Exercise requirements: Copy everything in the data below exactly except the pictures.

Collected data:
%%
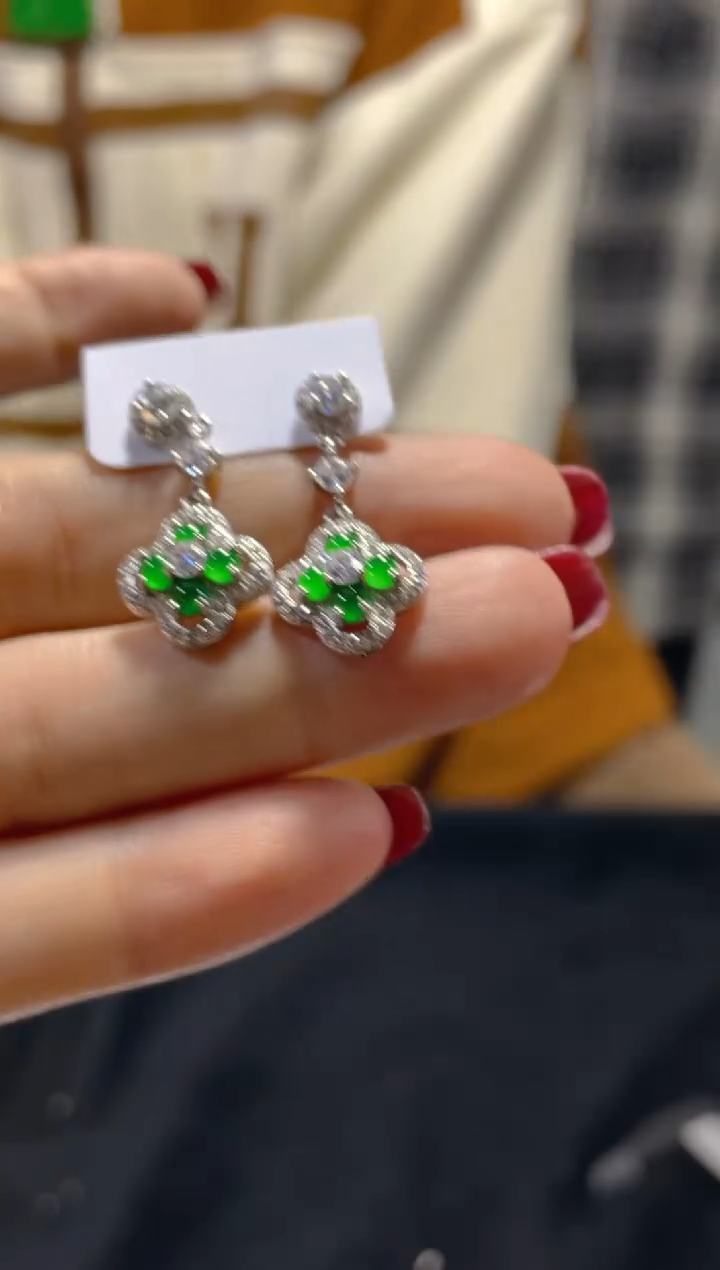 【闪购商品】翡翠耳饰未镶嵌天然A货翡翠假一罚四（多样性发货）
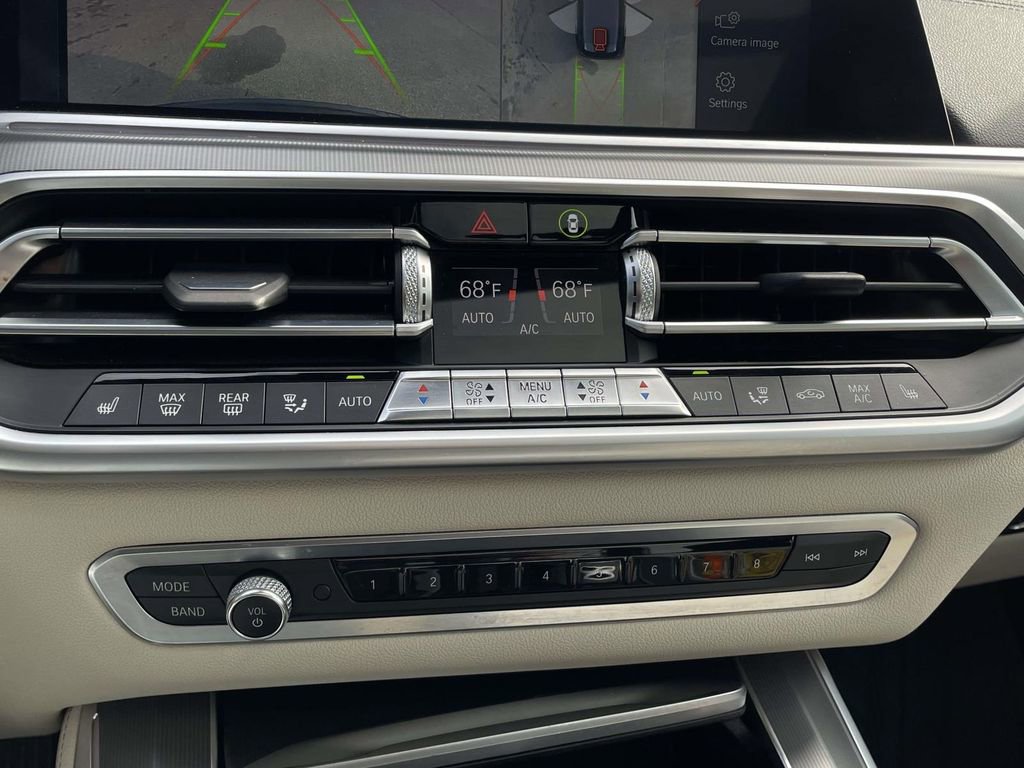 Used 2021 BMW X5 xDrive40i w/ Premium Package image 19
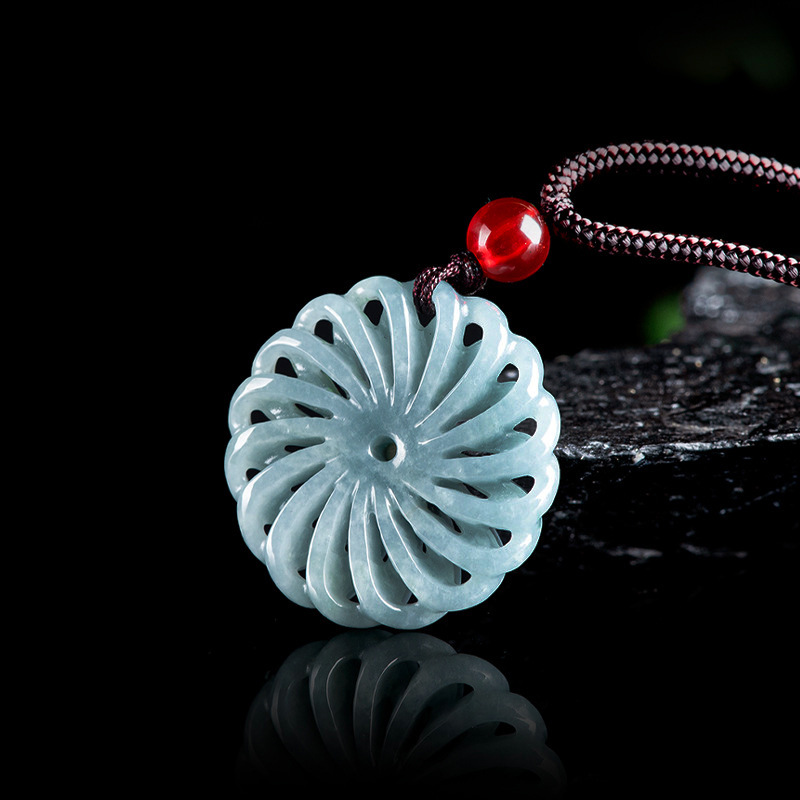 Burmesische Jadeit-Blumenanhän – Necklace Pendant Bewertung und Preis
%%
Task solution:
 【闪购商品】翡翠耳饰未镶嵌天然A货翡翠假一罚四（多样性发货）
 Used 2021 BMW X5 xDrive40i w/ Premium Package image 19
 Burmesische Jadeit-Blumenanhän – Necklace Pendant Bewertung und Preis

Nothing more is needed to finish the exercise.